Nasdaq advances on some decent volume.

No blowout move once again, but the Nasdaq did reverse its recent tendency to rise on slightly lower volume. The index was up by as much as 4% on its high (2159.08), but gave most of that up in the early afternoon before a last-hour bounce reversed the selling. The late-session selling that has been cropping up is the reverse of the classic bullish action we were seeing, i.e., the early softness followed by a steady afternoon rally. The late rally came at a good time and put some of the shine back on the session.

The Dow and S&P 500 reversed their price/volume action as both indexes blew substantial gains on rising volume as they fell off the table in the afternoon. The Dow lost almost 130 points from its intraday high (10,906), showing that the 11,000 range is still going to be a very tough nut to crack. The big caps nudged 1270 on the high (1269.30), the top of the range we have pegged as resistance, and they too tumbled down after that. Combined with the volume, this was not bullish price action.

Still, a day of distribution does not doom those indexes. Indeed, as we said last week, they were more likely than not going to have to test those resistance points before gathering some more steam to make a break through them. For now their patterns remains in tact and they look solid. Another test of the 200 day MVA on the Dow (at 10,615.58) may be in store before that.

Stocks breaking out and successfully testing the breakouts.

Today again we saw more stocks race ahead on strong volume as others test their previous breakouts and move higher, while still others continue to set up for their breakouts. We are seeing many stocks showing solid patterns in various stages, and that is a real plus for the market overall. When stocks are looking and acting good that is one of the final signs that the market is improving. As long as they continue to build their patterns and continue to breakout on high volume, that bodes well for the market.

At the same time we are not seeing dozens racing for the stars. The big indexes are still trying to break free, and many of the big stocks are acting the same way.

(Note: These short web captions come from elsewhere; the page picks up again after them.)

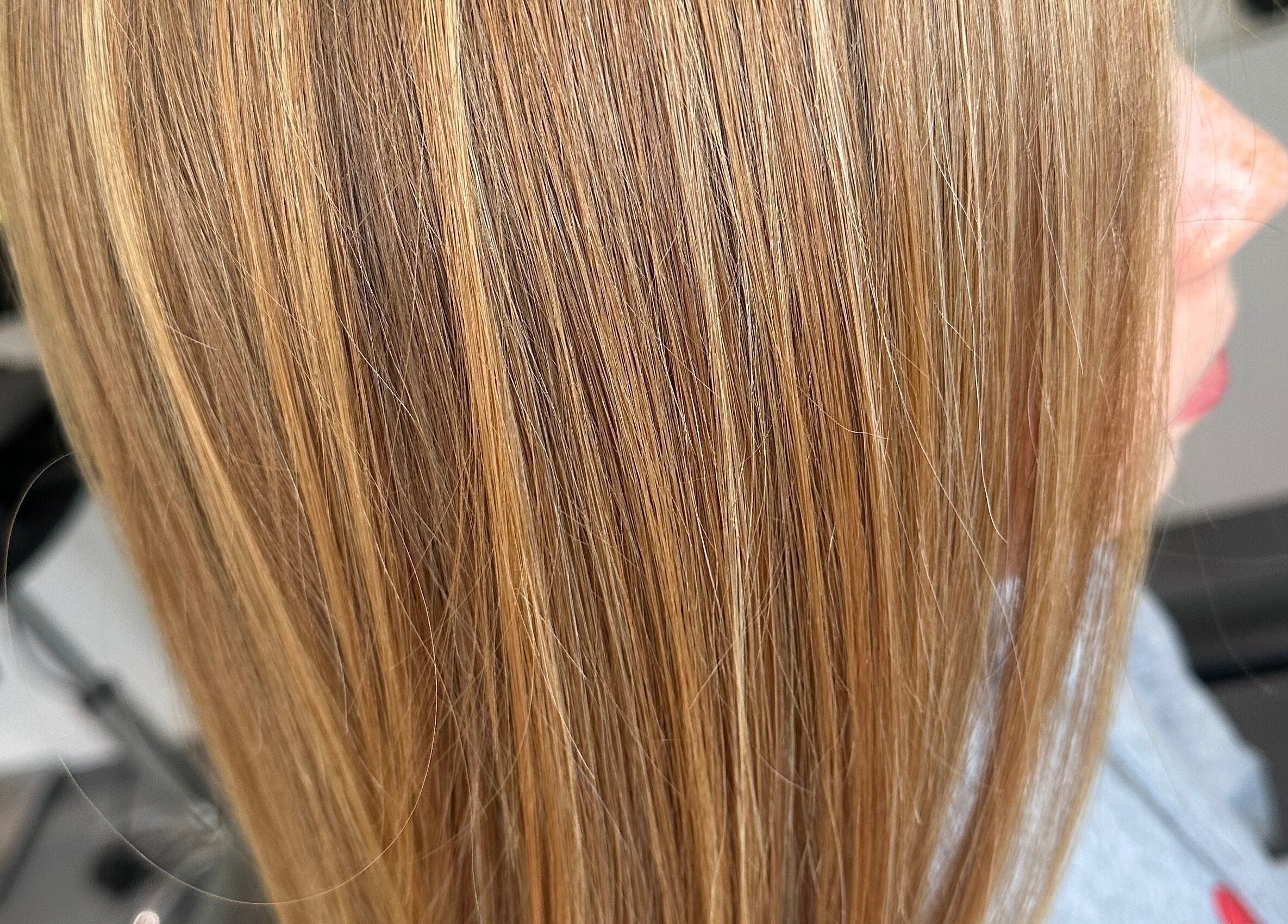 Close-up of blonde highlights at Kate Alexander Hair, Forfar, Scotland, GB, showcasing sleek styling.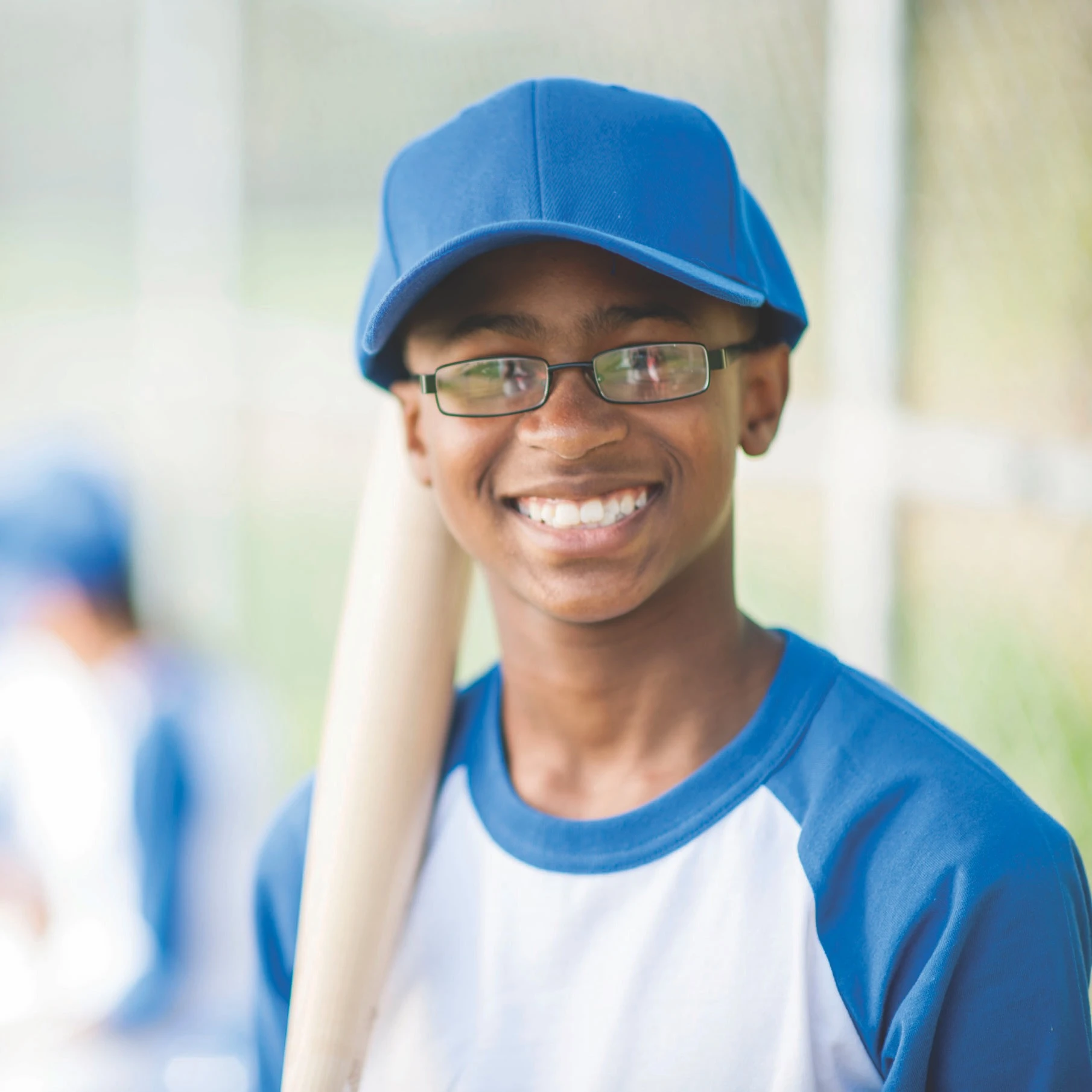 a teen in baseball gear holding a bat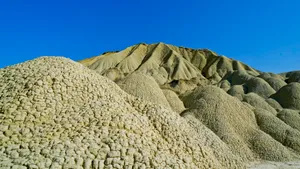 Mountain peak with stone wall barrier under blue sky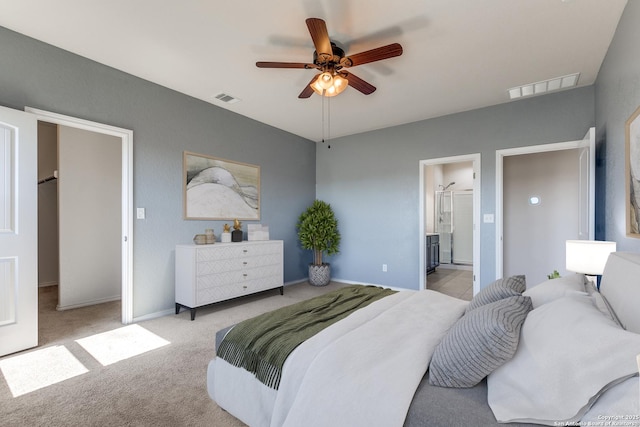 bedroom featuring carpet, ensuite bath, visible vents, and a ceiling fan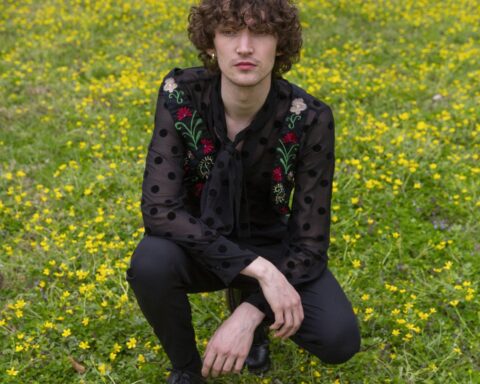 Promotional photo for "Star Crossed Lovers" which sees Otto Aday crouching in a field of grass.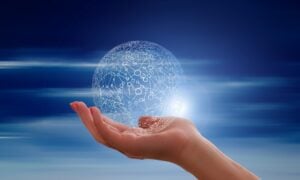 A outstretched hand holding a data sphere.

We are seeing smaller cap stocks performing well (e.g., WLSN today) as they continue to join the ranks of those stocks breaking higher out of solid bases on strong volume. We will see new leadership this time around, and it has been in the retailers, some financials, builders and building material stocks; these are all leading sectors when the business cycle starts its recovery. Now we are seeing other stocks coming up to help out such as NVDA, BRKS, GENZ, CPN, FIC, CHIC, FDC, BMET. That is a broad group and shows how the market is moving up across the board.

THE ECONOMY

The first wave of economic news in a week heavy with the stuff hit the market this morning. It was generally in line and the market seemed to embrace it, but it did not roar to life based on it.

Income up, spending still up.

Personal income rises 0.5%, in line with expectations. February was revised slightly higher to 0.5% as well. Good. The more income, the more consumers can spend to help the economy that still needs significant help.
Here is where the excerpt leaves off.